Некоторые исследователи находили, что многие фигуры фрески извлечены из поэмы Данте. Во фреске видели различных персонажей «Ада», связывая их с определенной моральной системой, которой Микеланджело якобы придерживался, подобно Данте. В «Страшном суде» выделяли также ряд фигур «Рая», усматривая вместе с тем наличие отражения художником его круговой архитектоники. Авторы, аналогизирующие многочисленные фигуры фрески с дантовскими, не опираются на достоверные аргументы, как это отметил Редиг де Кампос, сведя вопрос о прямых заимствованиях из «Комедии» в основном к трем ранее названным мотивам. Композиции Микеланджело с ее мощным круговращением чуждо понятие об иерархической архитектонике, чуждо построение системы моральных ценностей. Излишне и утверждение о том, что в замысле мастера отражен образ лучезарной Райской розы. Собрание святых в «Страшном суде» заставляет вспомнить лишь самые грозные мотивы, которые звучат в Дантовом «Рае» (XXI, 136-142; XXII, 13-15; XXVII, 19–66). Реминисценции «Комедии» улавливаются в драматической атмосфере фрески. Всюду здесь микеланджеловское terribilità перекликается с темами «Комедии». Как и Данте, Микеланджело насыщает изображение суда над человечеством остротой глубоко личного чувства. Ужас, страдание, гнев, даже жажда возмездия, вложенные художником в трактовку сюжета, несут на себе печать его собственного мироощущения. Они могли быть связаны с гражданскими переживаниями мастера и с его субъективными религиозными исканиями. Бескомпромиссному в своих морально-этических позициях художнику был особенно близок Данте (как, впрочем, и Савонарола). В этом плане Микеланджело также, очевидно, находил опору в пластических образах «Комедии».

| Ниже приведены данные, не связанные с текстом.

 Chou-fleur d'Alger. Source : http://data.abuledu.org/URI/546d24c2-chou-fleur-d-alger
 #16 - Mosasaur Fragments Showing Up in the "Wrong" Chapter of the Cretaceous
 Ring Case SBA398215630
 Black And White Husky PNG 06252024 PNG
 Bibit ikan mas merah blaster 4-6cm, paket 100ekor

Очевидно, что Микеланджело примыкает к той линии ренессансного истолкования «Комедии», которая представлена творчеством Синьорелли. Мощные, скульптурные образы «Комедии» преломлены художниками в драматической трактовке темы, которая мыслится как созвучная дантовской. Через посредство пластических ценностей произведения этих мастеров трансформируют и некоторые смысловые акценты «Комедии», воспринимаемые с позиции представлений новой эпохи. Отчетливо выраженная пластическая интерпретация дантовских образов была впервые осуществлена в искусстве Возрождения.

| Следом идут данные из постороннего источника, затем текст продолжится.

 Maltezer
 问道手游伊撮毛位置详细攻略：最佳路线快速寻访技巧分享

Именно с эпохи Ренессанса возникает интерес художников к широкому кругу изобразительных, архитектонически-пространственных мотивов «Комедии». Именно с этой эпохи, проникая через зрительный план в содержание «Комедии», одновременно проецируют на него собственные представления, – воспринимают поэму Данте как произведение, актуальное для своей эпохи. Поэтому, будучи вполне своеобразными, ренессансные интерпретации «Божественной Комедии» в искусстве вместе с тем открывают перспективу истолкования ее художниками всех последующих веков.